Steps to Evaluate Amazon's AI Chips for Your Workload
- Assess Your Inference Needs: If your primary use case involves running trained AI models in production rather than training new models from scratch, Trainium may offer better cost and performance than Nvidia GPUs, especially if you have flexibility in your software stack.
- Check Software Compatibility: Review whether your preferred AI frameworks and open-source tools now support Trainium. Amazon has significantly improved documentation and support for popular tools, but compatibility varies by use case.
- Compare Pricing and Availability: Request pricing quotes from Amazon for Trainium capacity and compare them to Nvidia GPU pricing. Given current Nvidia shortages, Amazon may offer more flexible terms and faster availability.
- Test with AWS Credits: Contact Amazon to discuss whether your organization qualifies for AWS credits to test Trainium on a small workload before committing to a larger migration.

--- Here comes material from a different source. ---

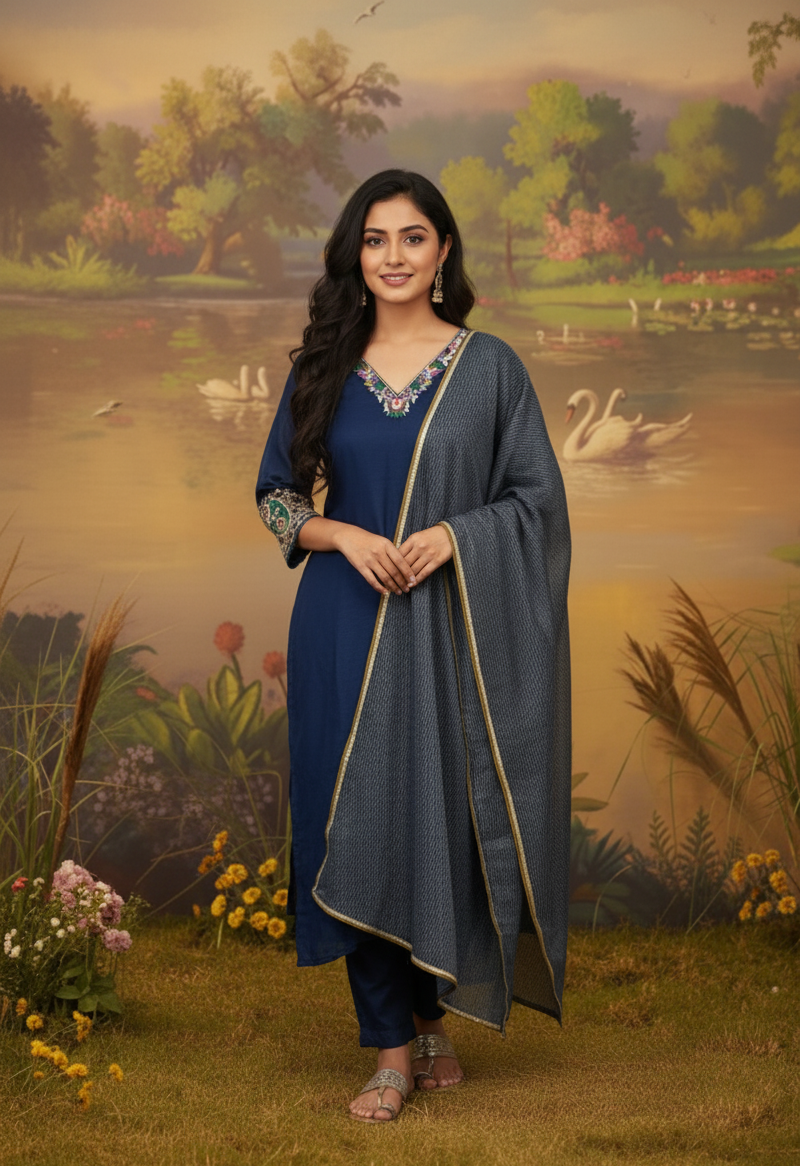 ROYAL BLUE CHANDERI SUIT SET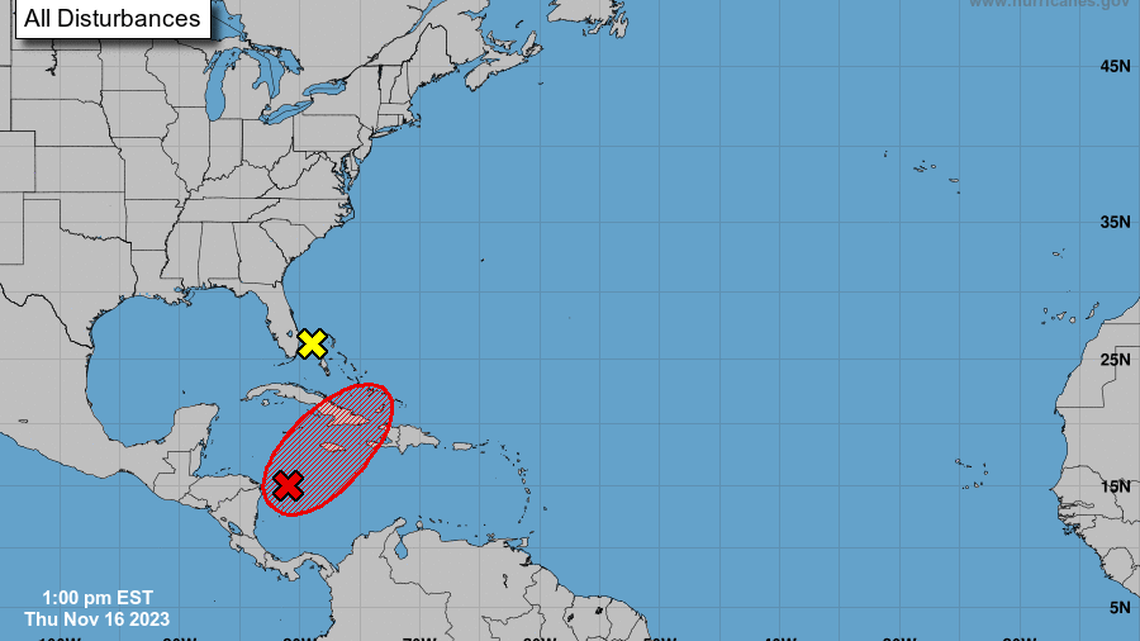 The National Hurricane Center was monitoring two disturbances on Thursday, Nov. 16, 2023. National Hurricane Center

What Challenges Remain for Amazon?
Despite the progress, Amazon still faces hurdles. Early in the generative AI boom, some Amazon teams did not use Trainium broadly, and Amazon's Nova large language models were initially trained on Nvidia GPUs rather than Amazon's own chips. This suggests internal skepticism about Trainium's capabilities existed even within Amazon.
External adoption has also been uneven. Developers at Hugging Face, a popular platform for open-source AI models, experienced frustration with Trainium support. Amazon was sometimes slow to support newer models on the platform. However, recent improvements in documentation and support suggest Amazon is addressing these gaps.
The broader context is that Nvidia's software moat remains formidable. Developers have spent years building expertise around CUDA, and switching to a new platform requires retraining and code rewrites. Amazon's success will depend on whether the cost savings and availability advantages of Trainium outweigh the friction of switching, especially as Nvidia's supply constraints ease over time.
For now, Amazon's momentum is real. The combination of Anthropic's endorsement, improved software, and Nvidia's supply constraints has created a window of opportunity. Whether Amazon can sustain this momentum and build a durable alternative to Nvidia remains to be seen, but the company's $20 billion annualized run rate in custom silicon suggests the bet is paying off.